Sabtu, 04 April 2015

Hujan dan Waktu



 
Hak cipta ©Sulaiman Djaya (2011)

Sebagaimana jamak kita maphumi, setiap kenyataan dan peristiwa akan senantiasa bersifat subjektif bagi setiap orang atau pengamat yang berbeda alias berlainan. Begitu pula suatu “sunnah alam” yang sama, semisal hujan yang dibicarakan dalam diari singkat ini, tak selamanya memberikan dan menghadirkan keintiman dan suasana yang seragam ketika ia hadir dan datang kepada kita untuk yang pertama-kalinya atau untuk yang kesekian-kalinya.

Bagi saya sendiri, dan tentu saja saya tidak tahu bagi Anda, hujan saya pahami sebagai waktu dan semesta yang tumpah, sebagai aksara yang lahir untuk menjadi kata, menjadi kalimat, singkatnya menjadi sajak. Ini adalah momen ketika saya berada di ruang baca dan meja menulis saya.
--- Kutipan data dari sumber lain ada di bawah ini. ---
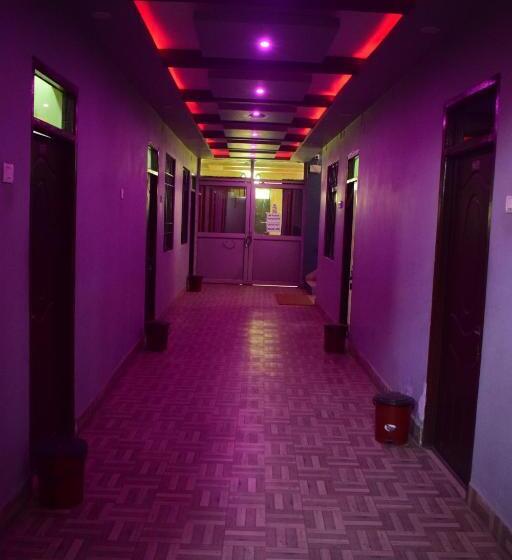 בית מלון כפרי Shakuntla Palace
Pada saat itu, lewat jendela kaca, saya menyempatkan diri untuk merenungi dan memandangi mereka. Menyimak riuh dan gemericik suara mereka, persis ketika kelahiran dan kematian hadir bersamaan dalam waktu –persis ketika waktu sedang berhenti.

Dan tentu saja, adakalanya mereka menawan saya dalam momen-momen yang lain, seperti ketika saya duduk atau menunggu di halte busway, di kota Jakarta yang tak bahagia itu, dalam keadaan kedinginan –dan saya yakin Anda pernah mengalami momen ini. Ketika mereka mengguyur jalanan aspal dan gedung-gedung bertingkat yang angkuh dan bisu.

Dalam keadaan seperti itu, Anda kadang merasa kesal, jenuh, atau bosan, tak lain karena pada momen itu, mereka menghadirkan dan menghunjamkan kesepian ke dalam perasaan dan hati Anda, kedalam jantung eksistensi Anda yang rentan. Kecuali jika Anda menerima dan mengintiminya sebagai momen puitik.

Kehadiran mereka, ternyata “menciptakan” ragam momen eksistensial dan suasana bathin bagi ragam orang di ragam tempat dan “waktu”. Momen eksistensial bagi seorang kekasih yang memiliki janji atau jadwal untuk bertemu kekasihnya, contohnya. Bagi mereka yang hendak ke tempat kerja atau bagi mereka yang hendak pulang dari tempat kerja, dan lain sebagainya.

Tetapi lain di kota lain pula di desa (di sebuah kosmik ruang-waktu di mana saya menulis diari singkat ini), hujan adalah momen puitik dan peristiwa bahasa, sejumlah perumpamaan kosmis dan spiritual, di mana kematian dan kelahiran, hadir dan datang secara serentak, persis ketika waktu berhenti, dan bahasa kembali ke rahimnya sebagai puisi. Bahasa itu adalah perpaduan kematian dan kelahiran –yang kita sebut waktu.